PostgreSQL supports index only scans since version 9.2 which was released in September 2013. The purpose of an index only scan is to fetch all the required values entirely from the index without visiting the table (the heap) at all. Of course that can speed up a query because avoiding to touch the heap, means reading less data and reading less data is obviously faster than reading more data.

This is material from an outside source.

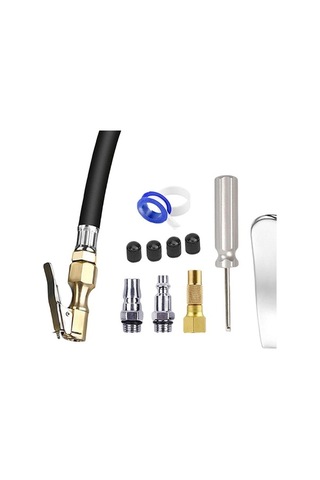 Flybuy Suntek Dijital Lastik Şişirme Pompası 3-200psı, Stil-b, Küçük Boyutlu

So index only scans are a good thing but unfortunately it does not always mean that the heap is not touched.

As always, lets start by creating a sample table and populate it with some data:

postgres=# create table t1 ( a int, b int, c int );
CREATE TABLE
postgres=# insert into t1 select a.*,a.*,a.* from generate_series(1,1000000) a;
INSERT 0 1000000
postgres=# d+ t1
                                    Table "public.t1"
 Column |  Type   | Collation | Nullable | Default | Storage | Stats target | Description 
--------+---------+-----------+----------+---------+---------+--------------+-------------
 a      | integer |           |          |         | plain   |              | 
 b      | integer |           |          |         | plain   |              | 
 c      | integer |           |          |         | plain   |              | 

Without any index a query like the following one needs to read the whole table for getting the result:

postgres=# explain (analyze,buffers,costs off) select a from t1 where b = 5;
                                 QUERY PLAN                                 
----------------------------------------------------------------------------
 Gather (actual time=2.187..158.023 rows=1 loops=1)
   Workers Planned: 2
   Workers Launched: 2
   Buffers: shared hit=5406
   ->  Parallel Seq Scan on t1 (actual time=68.645..119.828 rows=0 loops=3)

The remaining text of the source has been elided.